Fig. 2.

Dynamics of λ_6–85 captured by three fluorescent contact pairs. (A) Autocovariance analysis of the MD time trajectories of distances between residues used as contact probes in ${\text{λ}}_{6-85}$. In each simulation, the three residue–residue distances were extracted regardless of whether the mutants had the fluorescent probes in those positions or not.
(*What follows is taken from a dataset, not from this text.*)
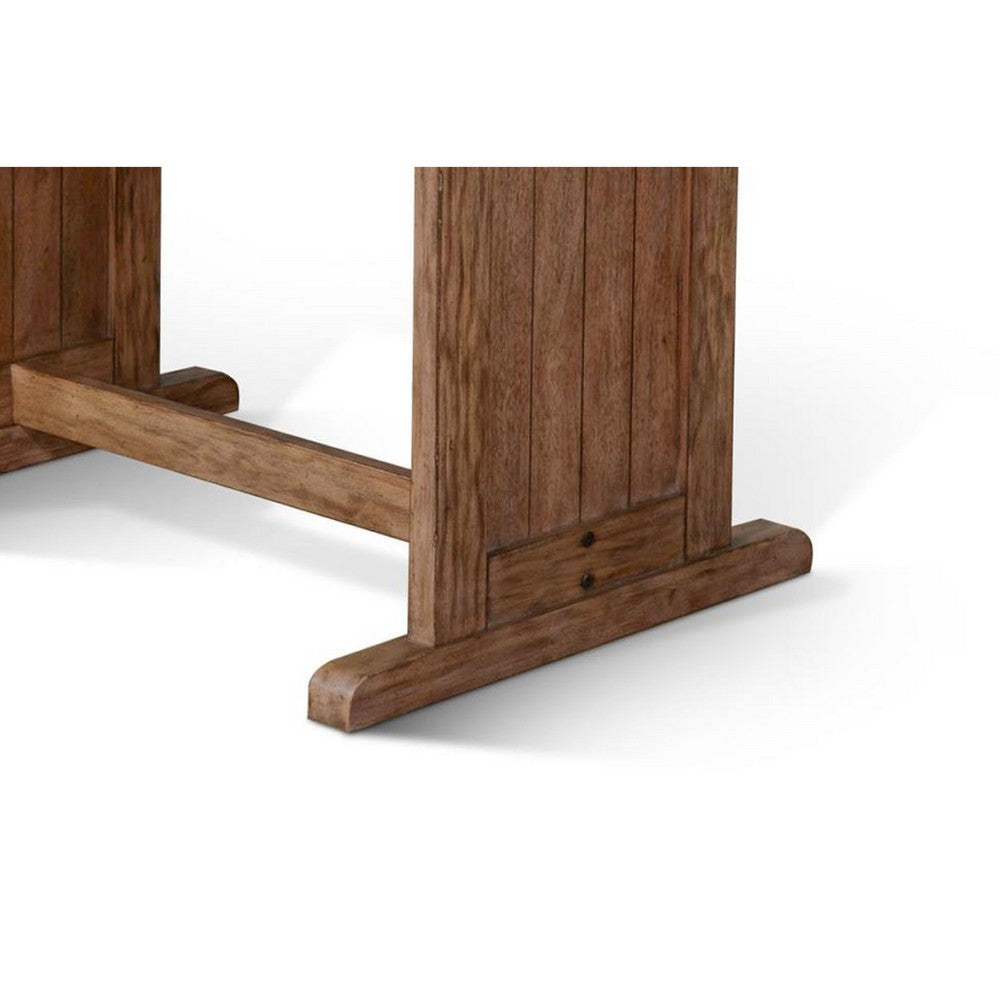 Yael Dining Table | 60" Rectangular Plank Top | Light Brown Mahogany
Autocovariance analysis was performed on the resulting time trajectories and shows fast exploration of contacts before folding. (B) Experimental fluorescence lifetime relaxation traces collected following a P-jump of ${\text{λ}}_{12}\left(\tau =1.4\pm 0.5\right)$ ms, ${\text{λ}}_{32}\left(\tau =1.2\pm 0.3\right)$ ms, and λ₁₃. The time constant could not be extracted for the slow λ₁₃ decay [linear fit (dashed line) is shown instead]. All P-jump time traces are normalized from 0 to 1. (C) Representative protein structures with at least one folded-like distance for λ₁₂. Interresidue distances are shown with lines color-coded by the contact pair (λ₁₂, blue; λ₃₂, green; λ₁₃, red). The simulation time points when these structures were observed are indicated. (D) Time trajectories of the λ₁₂ fraction of native contacts (Right axis; orange trace) and distances between the side chains of residues located at the positions used for fluorescent probes (Left axis; blue, green, and red traces).